DDoS Attacks Explained
By A. Northam • Published: 2 March 2026 • Updated: 2 March 2026
A Distributed Denial of Service (DDoS) attack attempts to make an online service unavailable by overwhelming it with traffic or requests from many sources at once.
Unlike many attacks that focus on stealing data, DDoS attacks primarily target availability.
What “denial of service” means
A service is “denied” when legitimate users can’t access it reliably. This can happen when systems are overloaded, upstream network capacity is saturated, or application resources are exhausted.
This maps directly to the CIA Triad, where availability is one of the core protection objectives.
Why DDoS attacks happen
Common motivations include:
- Extortion: attackers demand payment to stop disruption
- Disruption: targeting competitors, organizations, or public services
- Distraction: creating noise while other activity occurs elsewhere
- Ideological motives: protest or sabotage campaigns
Common categories of DDoS attacks (conceptual)
1) Volumetric attacks
These aim to saturate bandwidth or upstream capacity using extremely high traffic volume.
2) Protocol-based attacks
These target network or transport-layer behaviors to exhaust infrastructure resources (such as connection handling).
3) Application-layer attacks
These attempt to overwhelm the application itself by sending large numbers of requests that are expensive for the application to process.
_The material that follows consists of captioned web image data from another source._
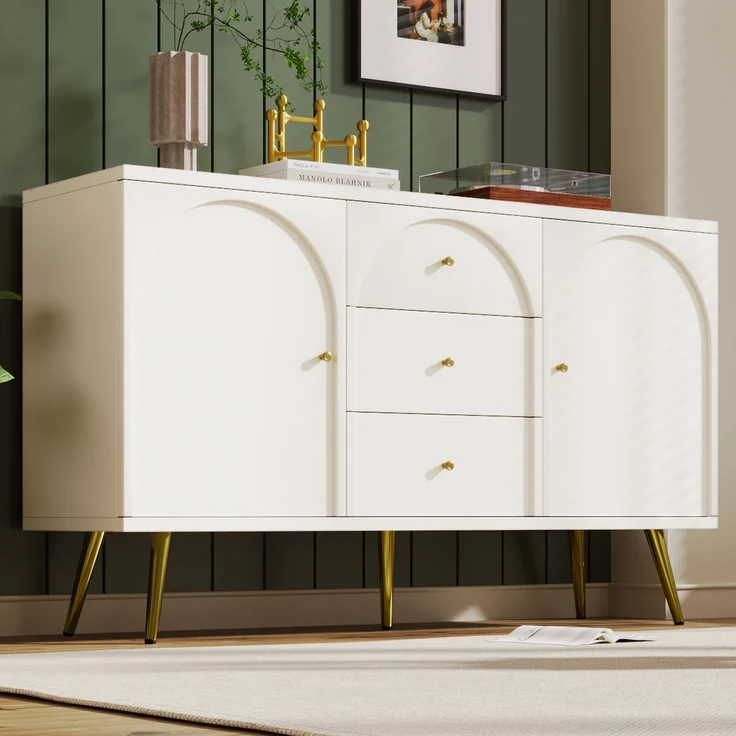 Kommode 140 cm mit gewölbten Schubladen, Sideboard mit höhenverstellbarem Fachboden, Drehtüren, Metallfüßen, Stauraum – Bild 3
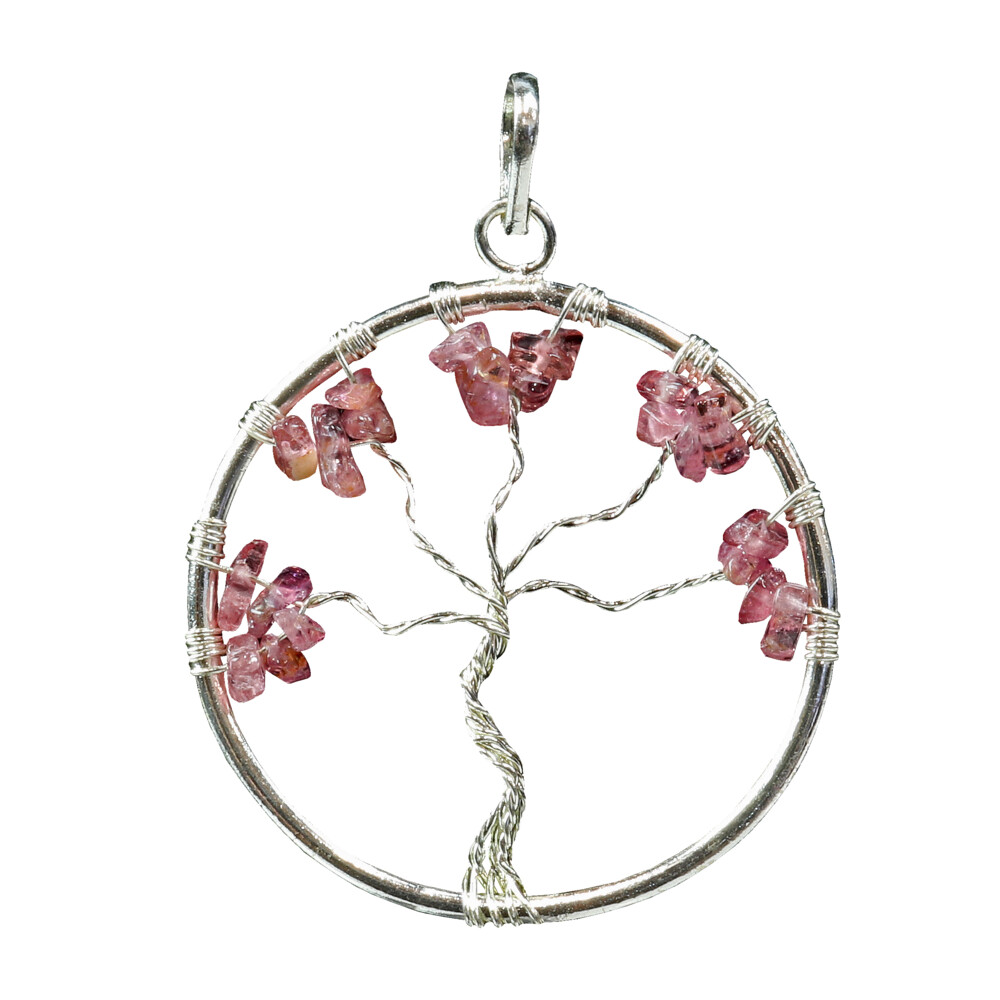 <font size="4"><span style="font-family: "EB Garamond";">Pink Tourmaline Tree Of Life Pendant</span></font><div style="position: initial; margin: initial; font-family: "EB Garamond";"><p style="margin: initial; font-variant-numeric: normal; font-variant-east-asian: normal; font-stretch: normal; line-height: normal; font-family: "EB Garamond"; color: rgb(0, 0, 0); position: initial;"><font size="4">Each item is unique and one of a kind. Nature's treasures do vary in their shape and color.</font></p><div style="position: initial; margin: initial; font-family: "EB Garamond";"><font size="4"><br style="position: initial; margin: initial; font-family: "EB Garamond";"></font></div><div style="position: initial; margin: initial; font-family: "EB Garamond";"><p style="margin: initial; font-variant-numeric: normal; font-variant-east-asian: normal; font-stretch: normal; line-height: normal; font-family: "EB Garamond"; color: rgb(0, 0, 0); position: initial;"><span style="position: initial; margin: initial; font-family: "EB Garamond";"><font size="4">PINK TOURMALINE</font></span></p><p style="margin: initial; font-variant-numeric: normal; font-variant-east-asian: normal; font-stretch: normal; line-height: normal; font-family: "EB Garamond"; color: rgb(0, 0, 0); position: initial;"><font size="4">“</font><span style="font-size: 1.2rem;">Gem of Emotional Problem Solvingy”</span></p><p style="margin: initial; font-variant-numeric: normal; font-variant-east-asian: normal; font-stretch: normal; line-height: normal; font-family: "EB Garamond"; color: rgb(0, 0, 0); position: initial;"><font size="4">Known formally as </font><span style="font-size: 1.2rem;">Rubelite, Pink Tourmaline</span></p><p style="margin: initial; font-variant-numeric: normal; font-variant-east-asian: normal; font-stretch: normal; line-height: normal; font-family: "EB Garamond"; color: rgb(0, 0, 0); position: initial;"><font size="4">occurs as long, slender </font><span style="font-size: 1.2rem;">to thick prismatic and columnar crystals. They are distinguished by their </span><span style="font-size: 1.2rem;">3-sided prism terminations, no other common mineral has 3 sides. Pink </span><span style="font-size: 1.2rem;">Tourmaline is a form of Elabite, mainly comprised of Lithium, but the </span><span style="font-size: 1.2rem;">pink occurs due to natural prolonged radiation exposure. Inspiring </span><span style="font-size: 1.2rem;">tactfulness and independence, Pink Tourmaline activates the heart </span><span style="font-size: 1.2rem;">chakra with the crown chakra. Known to kindle feelings of joy, hope </span><span style="font-size: 1.2rem;">comfort and support to bring more love and good humor in one’s life; </span><span style="font-size: 1.2rem;">encouraging a more cheerful frame of mind.</span></p></div></div> Pink Tourmaline Tree Of Life Pendant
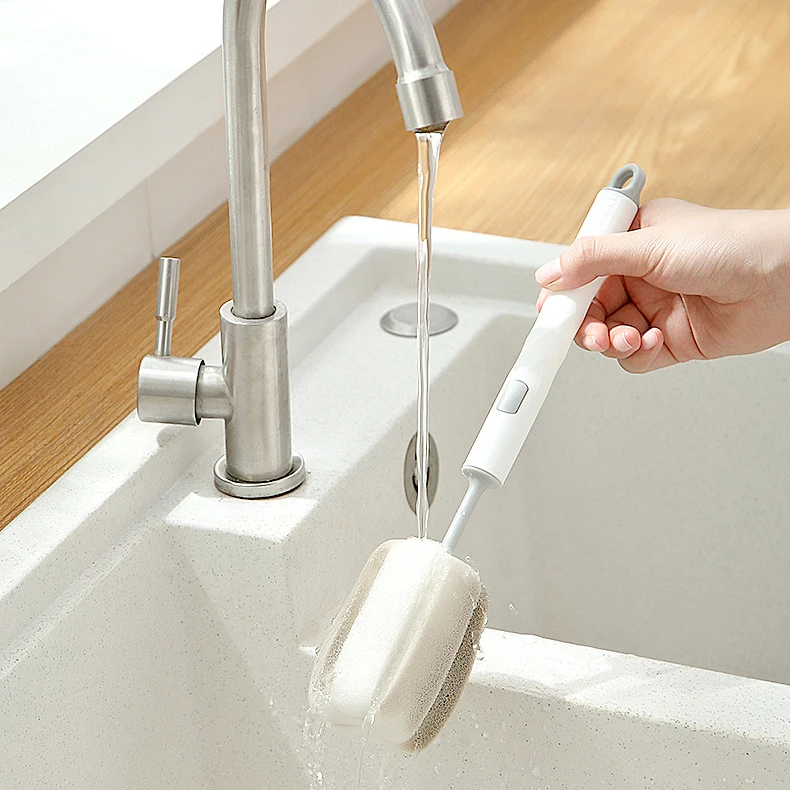 High Quality Detachable Household Long Plastic Handle Sponge Head Cleaning Glass Bottle Cup Brush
Important note: DDoS discussions often include technical mechanics. This page stays focused on outcomes and defensive principles, not attack execution.
Business impact
Even short disruptions can create cascading effects:
- Lost revenue and failed transactions
- Customer trust and reputational damage
- Operational disruption and support load
- SLA penalties and contractual consequences
How DDoS defense works at a high level
Effective DDoS defense is typically layered:
- Capacity and redundancy: avoiding single choke points
- Traffic filtering: blocking malicious traffic patterns
- Rate limiting: limiting abusive request volumes
- Monitoring and detection: identifying abnormal traffic quickly
- Response playbooks: clear procedures when disruption occurs
These map cleanly to the broader security control categories:
- Preventive: filtering and rate controls
- Detective: monitoring and alerting
- Corrective: incident response and recovery steps
See: Security Controls Taxonomy and Defense in Depth Explained.
DDoS and risk management
DDoS is best treated as a risk scenario where the key question is:
How much downtime can the organization tolerate, and what is the acceptable cost to reduce that risk?
See: Risk Management in Digital Security.
Key takeaway
DDoS attacks are availability attacks. The strongest defenses combine layered controls, monitoring, and operational readiness — not a single product.
This article is provided for educational purposes only and does not constitute legal, compliance, or professional security advice.